A lo largo de un proceso tan prolongado de gestación, este libro ha sufrido no pocas caídas del caballo en el camino de Damasco. La cena en la Fonda del Senyor Parellada con Piero Boccardo, que había venido a Barcelona para empaquetar el Ecce Homo de Caravaggio, exhibido en la magnífica exposición celebrada en el MNAC, fue decisiva para empreder la pista de la trama genovesa. El descubrimiento de la serie de retratos de los virreyes del Perú durante una visita al Museo Nacional de Antropología, Arqueología e Historia en Lima, me ayudó a comprender el sentido de un tipo de galerías que, en Nápoles como en la mayor parte de los virreinatos de la Monarquía Católica, habían desparecido con el tiempo. Le estoy agradecido a Víctor Velezmoro por haberme facilitado algunas de las referencias que tan útiles me han sido para su interpretación.

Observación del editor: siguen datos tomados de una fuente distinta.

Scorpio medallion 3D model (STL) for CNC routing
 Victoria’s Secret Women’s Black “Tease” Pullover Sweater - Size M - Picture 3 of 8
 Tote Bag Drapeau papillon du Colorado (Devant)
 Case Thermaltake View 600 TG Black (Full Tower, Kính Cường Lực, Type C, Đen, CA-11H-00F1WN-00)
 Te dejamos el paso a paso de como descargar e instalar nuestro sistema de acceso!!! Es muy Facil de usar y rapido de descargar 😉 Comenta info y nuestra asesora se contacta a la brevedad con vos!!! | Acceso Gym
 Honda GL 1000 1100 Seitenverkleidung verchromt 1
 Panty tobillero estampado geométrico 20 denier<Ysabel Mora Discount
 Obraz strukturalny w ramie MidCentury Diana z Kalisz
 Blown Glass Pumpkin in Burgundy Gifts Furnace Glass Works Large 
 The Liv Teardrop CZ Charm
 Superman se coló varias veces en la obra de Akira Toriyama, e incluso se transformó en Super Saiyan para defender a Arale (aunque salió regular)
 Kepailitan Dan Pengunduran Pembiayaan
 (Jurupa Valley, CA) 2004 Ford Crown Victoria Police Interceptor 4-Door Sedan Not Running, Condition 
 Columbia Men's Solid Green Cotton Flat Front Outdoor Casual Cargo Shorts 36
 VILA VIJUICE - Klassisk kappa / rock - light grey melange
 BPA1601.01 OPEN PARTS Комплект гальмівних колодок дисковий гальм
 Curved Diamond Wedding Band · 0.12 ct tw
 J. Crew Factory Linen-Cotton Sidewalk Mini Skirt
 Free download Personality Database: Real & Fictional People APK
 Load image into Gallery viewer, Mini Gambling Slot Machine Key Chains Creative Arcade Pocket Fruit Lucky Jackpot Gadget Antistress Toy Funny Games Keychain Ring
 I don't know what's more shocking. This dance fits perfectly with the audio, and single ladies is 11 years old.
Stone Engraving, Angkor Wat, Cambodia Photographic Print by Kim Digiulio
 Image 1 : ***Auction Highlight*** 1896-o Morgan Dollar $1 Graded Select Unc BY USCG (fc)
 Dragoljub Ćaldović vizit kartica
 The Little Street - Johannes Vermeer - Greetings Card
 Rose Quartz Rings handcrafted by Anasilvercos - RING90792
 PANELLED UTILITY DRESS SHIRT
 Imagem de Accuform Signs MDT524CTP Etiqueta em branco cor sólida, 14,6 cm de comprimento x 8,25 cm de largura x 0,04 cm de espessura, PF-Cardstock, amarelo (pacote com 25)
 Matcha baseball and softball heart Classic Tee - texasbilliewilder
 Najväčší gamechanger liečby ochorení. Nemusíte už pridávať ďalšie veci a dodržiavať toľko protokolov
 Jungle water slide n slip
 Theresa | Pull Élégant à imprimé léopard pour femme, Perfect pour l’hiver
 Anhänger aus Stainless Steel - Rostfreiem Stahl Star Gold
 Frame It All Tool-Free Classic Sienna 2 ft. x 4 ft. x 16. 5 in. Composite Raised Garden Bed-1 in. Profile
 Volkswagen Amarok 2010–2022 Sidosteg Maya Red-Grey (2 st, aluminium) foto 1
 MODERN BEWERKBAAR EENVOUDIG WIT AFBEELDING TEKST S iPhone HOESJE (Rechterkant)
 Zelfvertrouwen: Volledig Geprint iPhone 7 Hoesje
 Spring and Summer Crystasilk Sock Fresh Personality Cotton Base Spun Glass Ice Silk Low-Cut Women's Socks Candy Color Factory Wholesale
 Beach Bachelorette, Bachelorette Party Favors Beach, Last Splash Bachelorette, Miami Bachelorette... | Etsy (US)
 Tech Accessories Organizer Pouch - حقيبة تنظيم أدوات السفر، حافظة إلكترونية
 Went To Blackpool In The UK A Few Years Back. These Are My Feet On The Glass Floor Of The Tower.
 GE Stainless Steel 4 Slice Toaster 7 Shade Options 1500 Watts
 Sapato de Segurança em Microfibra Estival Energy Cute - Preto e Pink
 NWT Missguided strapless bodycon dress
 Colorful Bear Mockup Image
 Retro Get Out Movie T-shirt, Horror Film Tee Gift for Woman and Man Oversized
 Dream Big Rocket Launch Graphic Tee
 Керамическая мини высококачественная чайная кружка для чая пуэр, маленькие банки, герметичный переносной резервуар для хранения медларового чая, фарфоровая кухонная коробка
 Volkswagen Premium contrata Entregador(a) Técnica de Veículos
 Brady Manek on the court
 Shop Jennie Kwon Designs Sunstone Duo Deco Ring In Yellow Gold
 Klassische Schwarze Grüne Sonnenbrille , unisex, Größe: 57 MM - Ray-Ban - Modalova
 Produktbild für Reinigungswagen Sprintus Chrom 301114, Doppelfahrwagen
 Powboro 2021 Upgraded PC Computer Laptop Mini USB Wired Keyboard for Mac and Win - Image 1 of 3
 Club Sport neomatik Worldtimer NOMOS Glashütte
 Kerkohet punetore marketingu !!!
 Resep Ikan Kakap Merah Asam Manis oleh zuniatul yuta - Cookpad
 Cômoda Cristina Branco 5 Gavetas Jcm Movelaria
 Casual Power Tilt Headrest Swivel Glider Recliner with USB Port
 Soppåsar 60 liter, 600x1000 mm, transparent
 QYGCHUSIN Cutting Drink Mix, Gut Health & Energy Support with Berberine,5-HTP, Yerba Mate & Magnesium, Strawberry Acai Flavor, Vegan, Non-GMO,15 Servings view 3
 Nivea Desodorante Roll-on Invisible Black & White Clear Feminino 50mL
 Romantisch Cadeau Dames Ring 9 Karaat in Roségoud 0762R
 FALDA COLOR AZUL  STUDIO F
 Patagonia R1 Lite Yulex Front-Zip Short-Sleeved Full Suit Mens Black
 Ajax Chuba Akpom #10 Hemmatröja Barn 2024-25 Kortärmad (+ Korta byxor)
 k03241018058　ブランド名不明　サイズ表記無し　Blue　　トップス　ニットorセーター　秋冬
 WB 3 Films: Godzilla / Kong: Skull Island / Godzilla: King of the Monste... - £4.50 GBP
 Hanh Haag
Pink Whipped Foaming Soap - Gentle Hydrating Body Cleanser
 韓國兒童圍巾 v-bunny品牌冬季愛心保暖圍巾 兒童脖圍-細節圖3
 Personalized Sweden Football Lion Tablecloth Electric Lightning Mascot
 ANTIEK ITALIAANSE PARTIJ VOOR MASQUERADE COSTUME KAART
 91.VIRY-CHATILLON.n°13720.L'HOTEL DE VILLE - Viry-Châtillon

Las conversaciones con Vincenzo Pacelli, sin duda uno de los mejores conocedores de la pintura napolitana del Seiscientos, me permitió situar el trabajo de Belisario Corenzio y Battistello Caracciolo, los dos principales pintores que trabajaron en el palacio, en el contexto de las prácticas decorativas en la ciudad. Gracias a las facilidades que me proporcionaron los responsables del Archivo del Monte Manso, y a la colaboración inestimable de Laura Palumbo, pude consultar el único testimonio escrito que hasta el presente ha podido ser localizado del proceso seguido para la elaboración de algunos de estos frescos. Monseñor Justo Mullor, por aquel entonces presidente de la Pontificia Academia Eclesiástica, la Escuela Diplomática del Vaticano, me llevó de la mano hasta la Sala Regia de los Palacios Apostólicos, algo que para mí significó no solamente la oportunidad de contemplar unas pinturas directamente emparentadas con las del palacio napolitano, sino también (él sabe los motivos) una vivencia irrepetible. Con Diana Carrió recorrimos diversos palacios en Florencia y Génova y dedicamos no pocas horas a aventurar el posible sentido de sus pinturas. Gracias a sus dotes de persuasión, en esta última ciudad logramos franquear la entrada de varios edificios que, por su uso privado, no se encuentran abiertos a los visitantes. Mi agradecimiento en este punto se dirige especialmente a los propietarios de Villa Paradiso, la antigua residencia de los Saluzzo con su magnífico salón y las dos loggias adyacentes en las que Lazzaro Tavarone evocó algunas de las gestas militares de la monarquía de España.